#### Given material
※

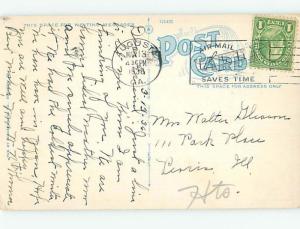 W-Border POST OFFICE SCENE Augusta Georgia GA hs1696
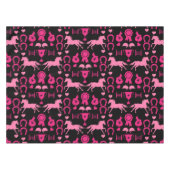 Rosa Pferdereiten Tischdecke (Vorderseite (Horizontal))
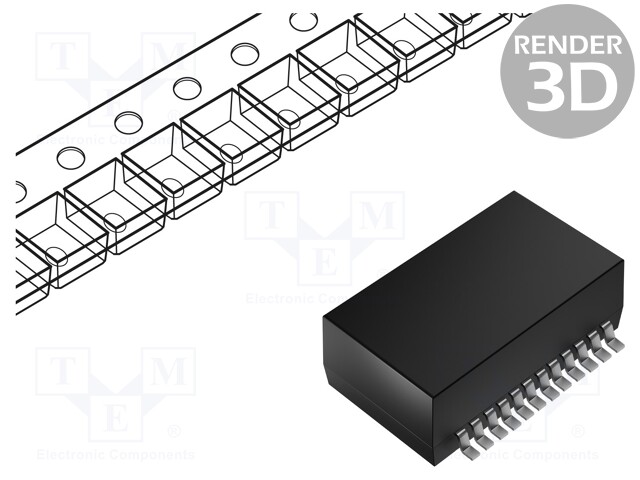 Transformer: LAN; SMD; 0÷70°C; 1dB; Number of ports: 1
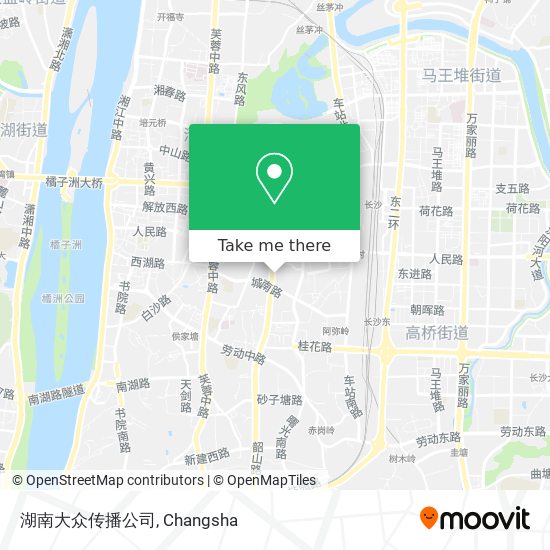湖南大众传播公司 map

※

#### Problem details
Please restate the data word for word, leaving out any picture it holds.

#### Result for this task
 W-Border POST OFFICE SCENE Augusta Georgia GA hs1696
 Rosa Pferdereiten Tischdecke (Vorderseite (Horizontal))
 Transformer: LAN; SMD; 0÷70°C; 1dB; Number of ports: 1
湖南大众传播公司 map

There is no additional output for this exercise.